> [Task details] Below are some records. Copy every line in them that holds "with".

> [Listed entries]
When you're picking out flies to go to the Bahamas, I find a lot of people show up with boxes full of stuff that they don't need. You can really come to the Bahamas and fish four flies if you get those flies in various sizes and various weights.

...

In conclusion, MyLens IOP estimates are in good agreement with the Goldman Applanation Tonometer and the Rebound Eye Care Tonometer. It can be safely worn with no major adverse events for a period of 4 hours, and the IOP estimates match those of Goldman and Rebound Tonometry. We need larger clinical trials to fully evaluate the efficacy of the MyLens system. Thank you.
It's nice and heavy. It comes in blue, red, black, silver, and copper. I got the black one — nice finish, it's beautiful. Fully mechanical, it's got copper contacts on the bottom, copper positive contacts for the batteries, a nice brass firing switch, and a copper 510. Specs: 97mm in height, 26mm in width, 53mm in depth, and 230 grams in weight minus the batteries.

--

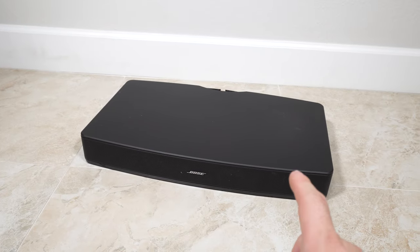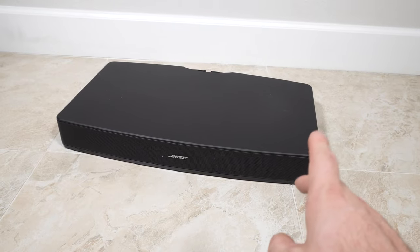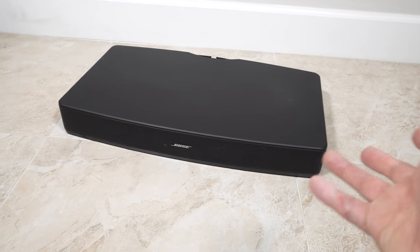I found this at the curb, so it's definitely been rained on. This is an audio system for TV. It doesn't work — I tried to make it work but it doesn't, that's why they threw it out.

> [Answer area]
When you're picking out flies to go to the Bahamas, I find a lot of people show up with boxes full of stuff that they don't need. You can really come to the Bahamas and fish four flies if you get those flies in various sizes and various weights.
In conclusion, MyLens IOP estimates are in good agreement with the Goldman Applanation Tonometer and the Rebound Eye Care Tonometer. It can be safely worn with no major adverse events for a period of 4 hours, and the IOP estimates match those of Goldman and Rebound Tonometry. We need larger clinical trials to fully evaluate the efficacy of the MyLens system. Thank you.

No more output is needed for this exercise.